NATIONAL INSITUTE FOR BASIC BIOLOGY
National Institute for Basic Biology
Division of Cell Mechanisms
- Mikio Nishimura
- Associate Professor (adjunct):
- Masayoshi Maeshima
- Research Associates:
- Makoto Hayashi
- Ikuko Hara-Nishimura
- Tomoo Shimada
- JSPS Postdoctoral Fellow:
- Tetsu Kinoshita
- NIBB Fellow:
- Akira Kato
- Graduate Students:
- Nagako Hiraiwa
- Shoji Mano
- Hiroshi Hayashi
- Kenji Yamada
- Daigo Takemoto1)
- Yuki Tachibe2)
- Technical Staffs:
- Maki Kondo
- Katsushi Yamaguchi
- Monbusho Foreign Scientist:
- Luz Marina Melgarejo3)
- Visiting Scientists:
- Yasuko Koumoto
- Miwa Kuroyanagi
|1) from Nagoya University|
|2) from Hiroshima University|
|3) from Colombia National University|
Higher plant cells contain several distinct organelles that play vital roles in cellular physiology. During proliferation and differentiation of the cells, the organelles often undergo dynamic changes. The biogenesis of new organelles may occur, existing organelles may undergo a transformation of function, while other organelles may degenerate. Because the dynamic transformation of organellar function (differentiation of organelles) is responsible for the flexibility of differentiation events in higher plant cells, the elucidation of regulatory mechanisms underlying organelle transformation are currently being studied in this division.

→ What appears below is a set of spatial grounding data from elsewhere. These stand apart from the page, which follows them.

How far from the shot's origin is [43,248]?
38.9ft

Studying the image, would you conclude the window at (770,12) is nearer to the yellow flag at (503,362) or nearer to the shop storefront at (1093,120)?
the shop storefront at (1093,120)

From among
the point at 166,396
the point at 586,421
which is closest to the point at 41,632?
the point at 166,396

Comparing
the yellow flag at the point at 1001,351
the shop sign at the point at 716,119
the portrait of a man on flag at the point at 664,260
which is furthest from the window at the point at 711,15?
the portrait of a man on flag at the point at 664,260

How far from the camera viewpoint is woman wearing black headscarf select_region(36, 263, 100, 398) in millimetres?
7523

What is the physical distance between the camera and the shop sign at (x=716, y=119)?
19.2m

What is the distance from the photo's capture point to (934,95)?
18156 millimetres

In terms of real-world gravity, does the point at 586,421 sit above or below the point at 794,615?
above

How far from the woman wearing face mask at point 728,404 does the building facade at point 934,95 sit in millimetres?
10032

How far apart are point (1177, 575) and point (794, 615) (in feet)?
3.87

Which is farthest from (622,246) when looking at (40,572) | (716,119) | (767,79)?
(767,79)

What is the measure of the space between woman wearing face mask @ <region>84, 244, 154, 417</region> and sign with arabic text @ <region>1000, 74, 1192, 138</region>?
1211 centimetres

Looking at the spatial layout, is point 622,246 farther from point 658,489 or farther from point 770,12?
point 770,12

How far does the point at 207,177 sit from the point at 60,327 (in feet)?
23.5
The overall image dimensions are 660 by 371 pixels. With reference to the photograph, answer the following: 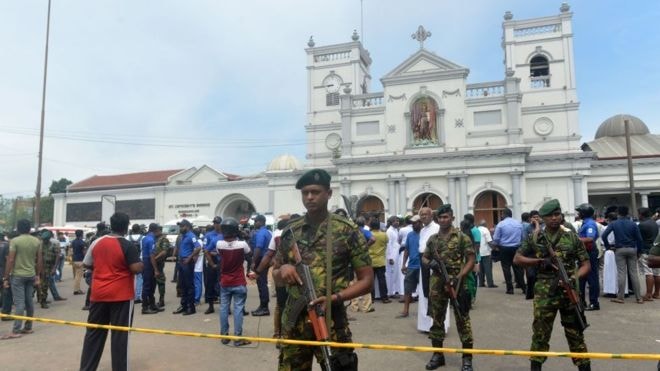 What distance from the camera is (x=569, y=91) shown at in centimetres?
2805

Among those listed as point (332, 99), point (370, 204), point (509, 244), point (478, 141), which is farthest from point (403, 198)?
point (509, 244)

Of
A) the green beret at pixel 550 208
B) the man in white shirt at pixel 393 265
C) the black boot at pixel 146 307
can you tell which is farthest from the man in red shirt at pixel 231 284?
the man in white shirt at pixel 393 265

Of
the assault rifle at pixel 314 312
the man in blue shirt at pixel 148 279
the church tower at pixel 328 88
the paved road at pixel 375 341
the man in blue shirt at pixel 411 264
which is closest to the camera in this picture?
the assault rifle at pixel 314 312

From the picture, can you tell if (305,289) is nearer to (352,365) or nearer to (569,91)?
(352,365)

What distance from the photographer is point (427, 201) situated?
27.7 metres

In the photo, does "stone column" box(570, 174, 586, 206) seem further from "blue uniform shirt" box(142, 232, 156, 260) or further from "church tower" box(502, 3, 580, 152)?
"blue uniform shirt" box(142, 232, 156, 260)

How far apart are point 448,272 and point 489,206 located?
76.8 feet

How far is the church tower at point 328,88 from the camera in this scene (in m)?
32.5

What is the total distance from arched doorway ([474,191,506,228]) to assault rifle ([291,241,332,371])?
2569 centimetres

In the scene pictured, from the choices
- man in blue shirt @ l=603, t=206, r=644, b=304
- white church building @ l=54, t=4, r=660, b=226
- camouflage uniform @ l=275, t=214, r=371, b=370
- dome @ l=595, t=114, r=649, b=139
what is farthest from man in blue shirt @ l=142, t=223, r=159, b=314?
dome @ l=595, t=114, r=649, b=139

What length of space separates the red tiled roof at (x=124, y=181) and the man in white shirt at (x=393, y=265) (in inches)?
1258

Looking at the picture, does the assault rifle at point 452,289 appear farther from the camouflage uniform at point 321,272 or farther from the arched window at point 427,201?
the arched window at point 427,201

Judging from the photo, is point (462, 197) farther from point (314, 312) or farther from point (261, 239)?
point (314, 312)

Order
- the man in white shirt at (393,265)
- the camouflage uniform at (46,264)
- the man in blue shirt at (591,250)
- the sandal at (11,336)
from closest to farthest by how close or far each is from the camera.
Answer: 1. the sandal at (11,336)
2. the man in blue shirt at (591,250)
3. the camouflage uniform at (46,264)
4. the man in white shirt at (393,265) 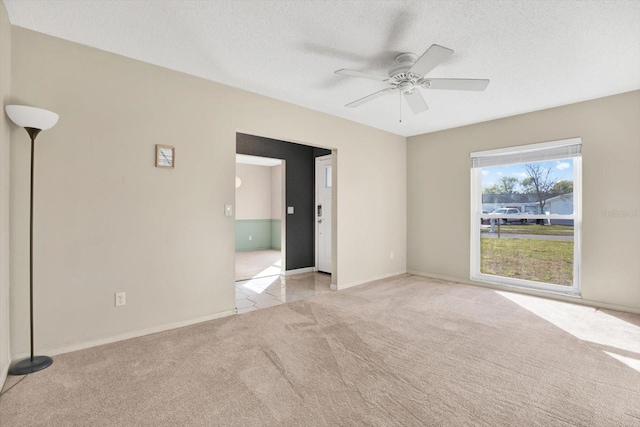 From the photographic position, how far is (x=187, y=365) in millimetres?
2361

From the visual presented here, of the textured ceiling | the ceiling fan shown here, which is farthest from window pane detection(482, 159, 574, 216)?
the ceiling fan

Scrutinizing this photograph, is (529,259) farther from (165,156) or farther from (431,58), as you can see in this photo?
(165,156)

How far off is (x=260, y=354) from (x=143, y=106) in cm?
249

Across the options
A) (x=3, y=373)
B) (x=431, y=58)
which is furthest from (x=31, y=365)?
(x=431, y=58)

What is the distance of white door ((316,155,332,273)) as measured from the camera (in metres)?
5.85

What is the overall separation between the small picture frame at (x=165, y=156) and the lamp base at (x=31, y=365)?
1.77 m

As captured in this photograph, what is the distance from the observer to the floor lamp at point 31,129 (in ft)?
6.98

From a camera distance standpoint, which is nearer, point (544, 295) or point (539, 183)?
point (544, 295)

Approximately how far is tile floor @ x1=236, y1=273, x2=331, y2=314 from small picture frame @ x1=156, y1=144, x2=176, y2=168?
181 centimetres

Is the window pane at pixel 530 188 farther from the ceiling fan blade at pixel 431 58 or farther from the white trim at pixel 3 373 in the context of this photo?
the white trim at pixel 3 373

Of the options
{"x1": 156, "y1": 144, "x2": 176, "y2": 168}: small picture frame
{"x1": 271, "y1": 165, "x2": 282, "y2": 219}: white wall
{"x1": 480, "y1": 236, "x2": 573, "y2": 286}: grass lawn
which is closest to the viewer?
{"x1": 156, "y1": 144, "x2": 176, "y2": 168}: small picture frame

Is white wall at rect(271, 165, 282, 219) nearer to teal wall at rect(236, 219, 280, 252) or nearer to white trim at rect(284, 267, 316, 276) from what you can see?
teal wall at rect(236, 219, 280, 252)

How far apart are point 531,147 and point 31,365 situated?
230 inches

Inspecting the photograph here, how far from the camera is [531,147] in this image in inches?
171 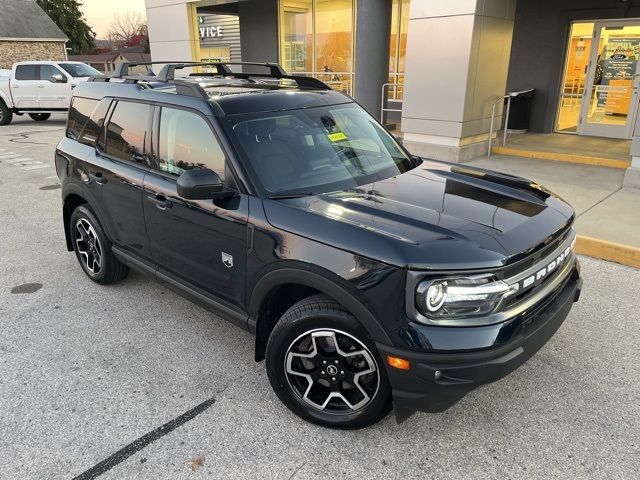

I. Regulation at the level of protein transport to microbodies during the microbody transition
Dramatic metabolic changes which underlie the shift from heterotrophic to autotrophic growth occur in greening associated with seed germination. Accompanying these metabolic changes, many constitutive organelles are functionally transformed. For example, etioplasts differentiate into chloroplasts and mitochondria acquire the ability to oxidize glycine. Glyoxysomes which are microbodies engaged in the degradation of reserve oil via b-oxidation and the glyoxylate cycle, are transformed into leaf peroxisomes that function in several crucial steps of photorespiration. After the functional transition of glyoxysomes to leaf peroxisomes during the greening of pumpkin cotyledons, the reverse microbody transition of leaf peroxisomes to glyoxysomes occurs during senescence. Microbody enzymes function after their transport to microbodies. Since the enzyme compositions and functions of glyoxysomes and leaf peroxisomes differ from each other, it was likely that the two types of microbodies possess different machineries for protein import.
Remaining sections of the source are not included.